RE-REGISTRATION OF DNP IN TSN

In our work, we often encounter clients’ desire to re-register DNP in TSN. However, this is impossible to do due to existing legislation.

Re-registration means a change in the form of a legal entity due to direct instructions of the law. At the same time, an important difference from reorganization is that the re-registered legal entity remains the same details (OGRN, INN, KPP), in essence, the form is simply renamed and changes are made to the charter.

As established in Part 7 of Art. 3 of the Federal Law of 05.05.2014 No. 99-FZ “On amendments to Chapter 4 of Part One of the Civil Code of the Russian Federation and on the recognition as invalid of certain provisions of legislative acts of the Russian Federation”, constituent documents, as well as names of legal entities created before the entry into force of this Federal Law are subject to being brought into compliance with the norms of Chapter 4 of the Civil Code of the Russian Federation upon the first change of constituent documents such legal entities.

At the same time, the rules on associations (unions) (Articles 123.8 - 123.11 of the Civil Code of the Russian Federation) are applied to dacha non-profit partnerships created before the date of its entry into force.

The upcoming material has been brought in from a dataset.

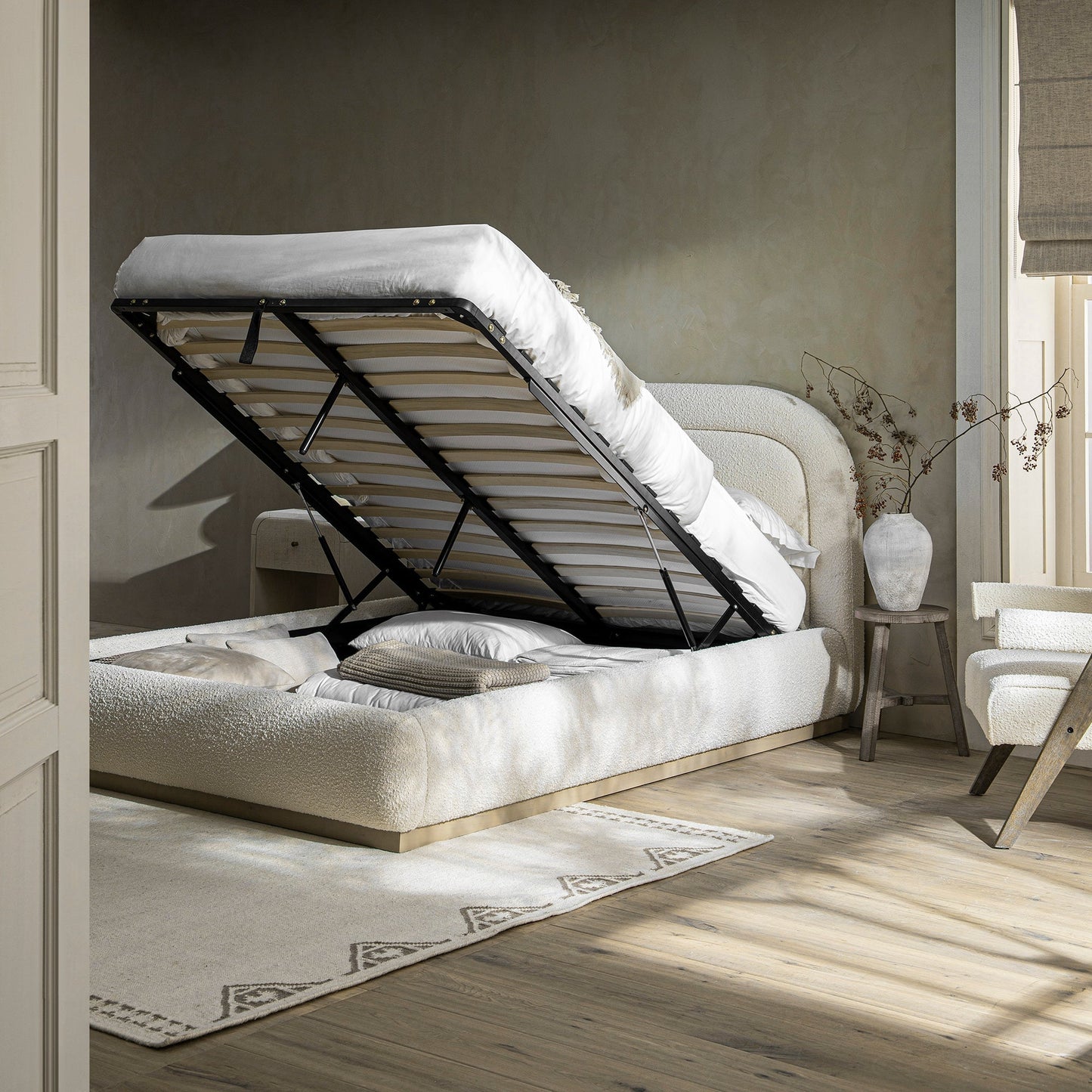 Luella Upholstered Wooden Plinth Base Bed with Storage, Ecru Boucle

In accordance with Art. 50 of the Civil Code of the Russian Federation, non-profit partnerships by their type belong to associations (unions), and not to partnerships of real estate owners. It is currently impossible to re-register DNP in TSN by force of law.

Cannot re-register joint stock company V religious organization. You cannot turn TSN into an LLC, you cannot re-register a political party into a consumer cooperative. In the same way, DNP cannot be made into TSN; partnerships can only be re-registered as associations or unions.

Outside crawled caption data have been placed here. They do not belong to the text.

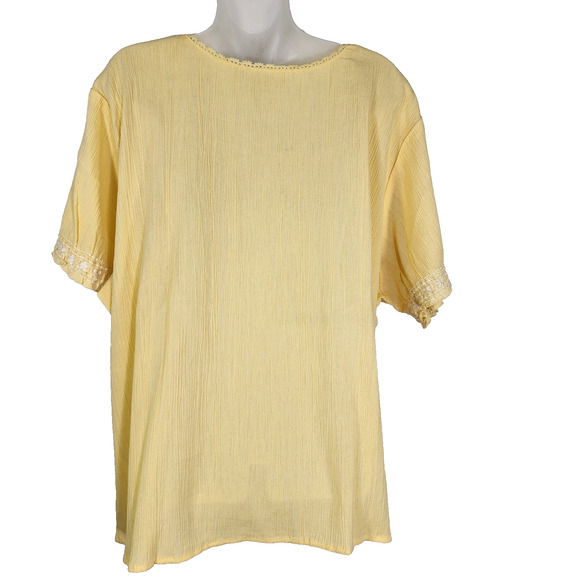 Denim & Co. Top Womens Short Sleeve Gauze Peasant Embroidery 3X Yellow Square - Picture 2 of 11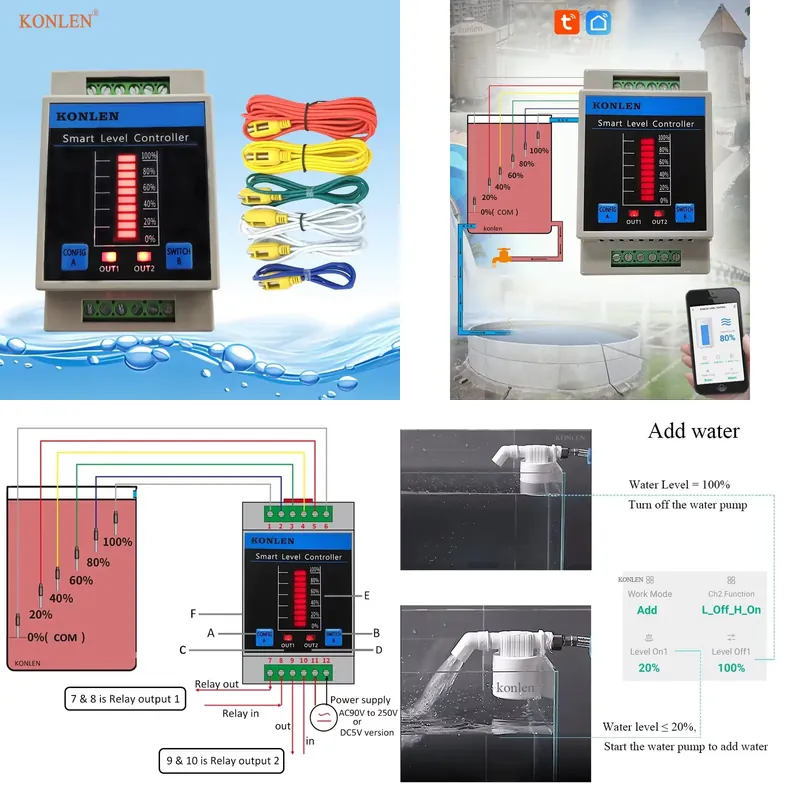 Water Alarm Sensor - Датчик уровня воды KONLEN с Wi-Fi,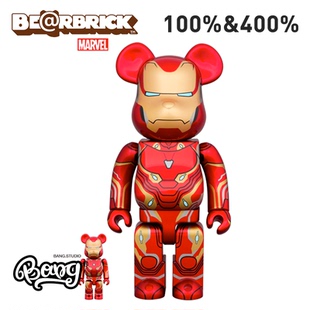Bearbrick 现货 Bang 展会限定积木熊 钢铁侠MARK 400%100%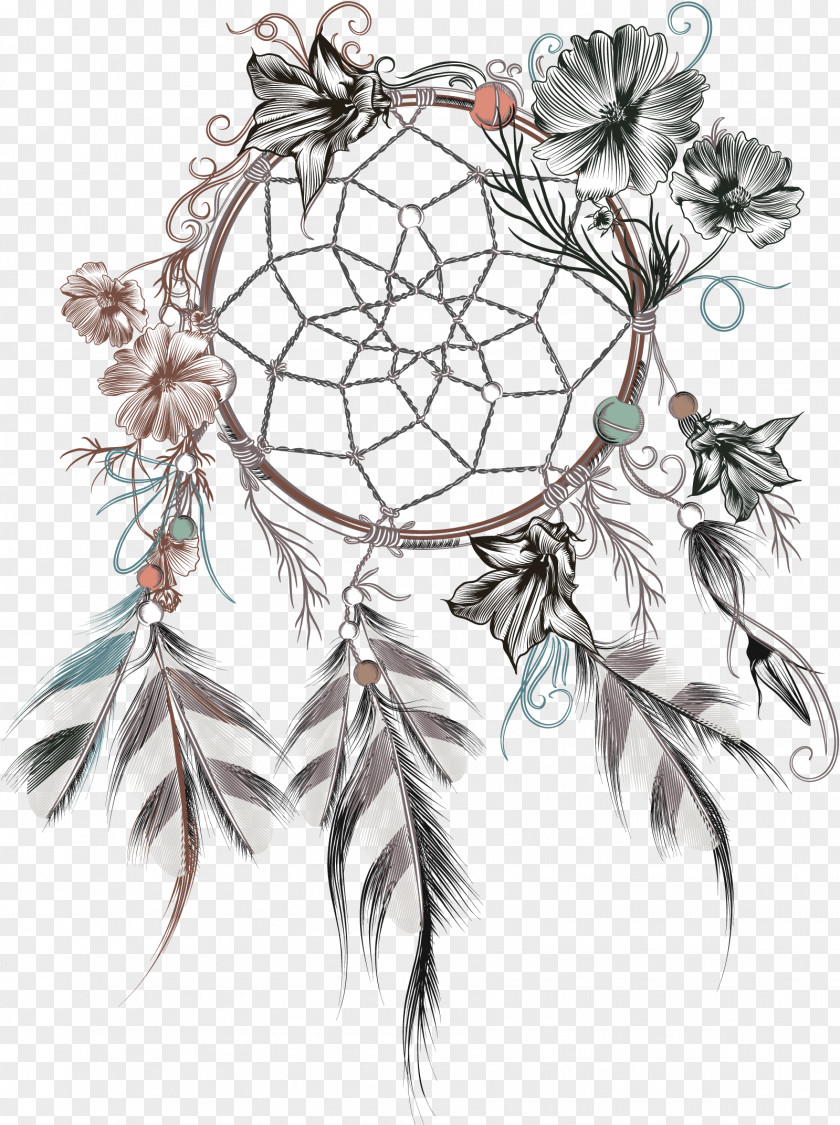 Vector Feather Charm Dreamcatcher Flower Illustration PNG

WHAT IS AN ASSOCIATION OR UNION? WHAT WILL DPP MEMBERS NEED TO CHANGE?

An association or union is also a non-profit organization that aims to protect the common interests of its members and achieve socially beneficial goals.

The law does not establish a fundamental distinction between the concepts of “association” and “union”. Moreover, they are indicated everywhere as synonyms: “association (union)”.

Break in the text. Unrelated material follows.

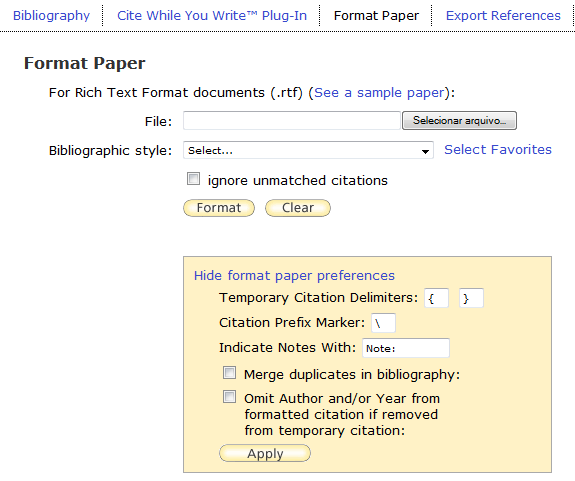 29 7.4 Citar enquanto escreve o texto no Word (CITE WHILE YOU WRITE PLUG-IN): esta opção permite baixar a barra ferramentas para incluir as citações enquanto digita o texto no Microsoft Word.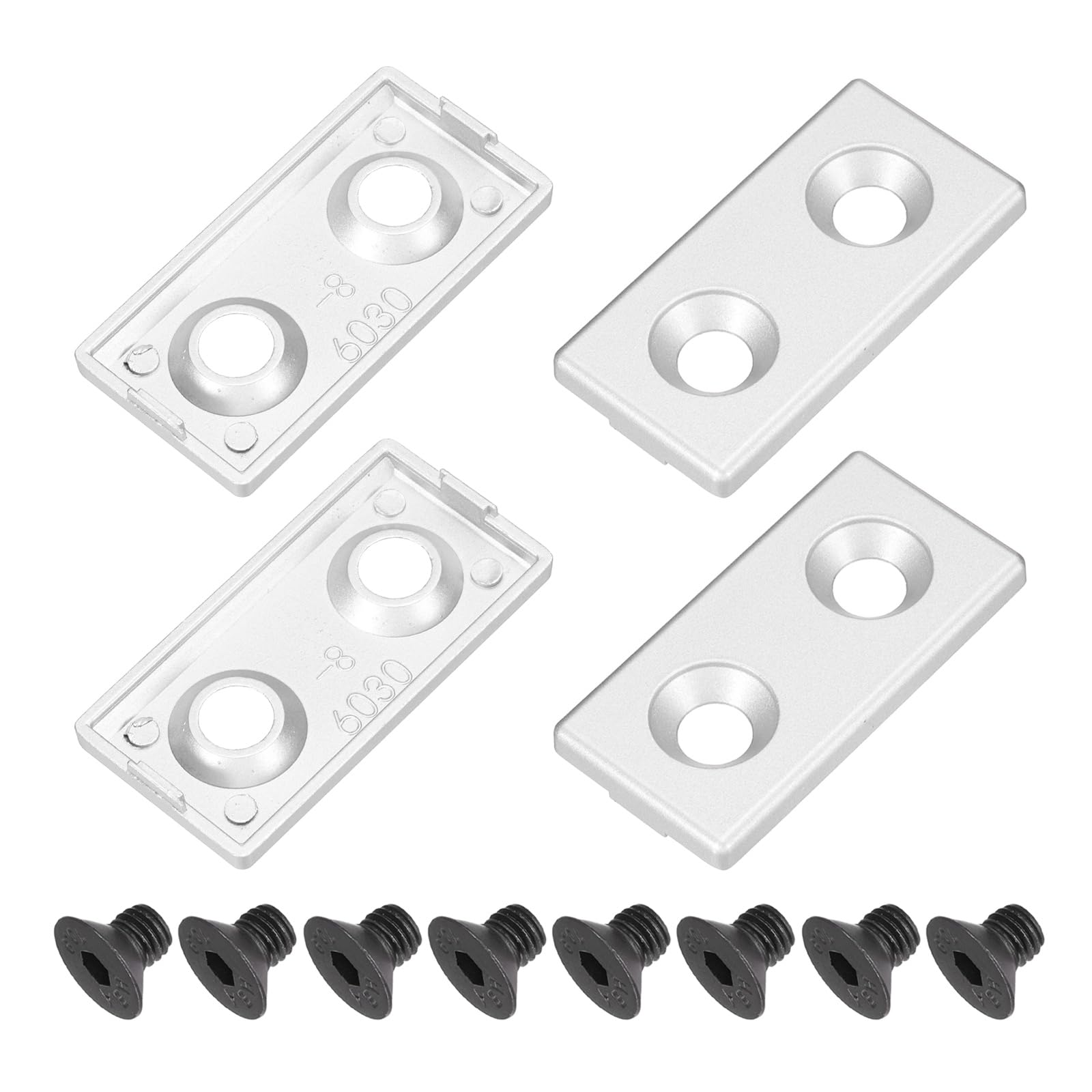 sourcing map 4 Pcs 3060 EU Standard T-Slot 9.5mm Hole Dia Aluminum Extrusion End Cap 60x30mm Silver for Fish Tank Rack, Storage Rack with Push-in Fastener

In practice, the determining factor in choosing a word to indicate in the organizational and legal form is the sign of “community” for the association (for example: “Association of Lawyers of Russia”, “Association “Dacha Non-Profit Partnership “Romashka”)”.

And for a union, the sign of “territoriality” is of decisive importance in choosing a word to indicate in the organizational and legal form.

In order to re-register the DPP as an association or union, the members of the DPP will need to approve at the general meeting of the partnership members a new charter, drawn up in accordance with current legislation and containing a new name. After this, form P13001 is certified by a notary, and a set of necessary documents is submitted to the registration authority.

When re-registering a DNP into an association or union no state fee is charged(Part 12 of Article 3 of the Federal Law of May 5, 2014 No. 99-FZ “On amendments to Chapter 4 of Part One of the Civil Code of the Russian Federation and on the recognition as invalid of certain provisions of legislative acts of the Russian Federation”).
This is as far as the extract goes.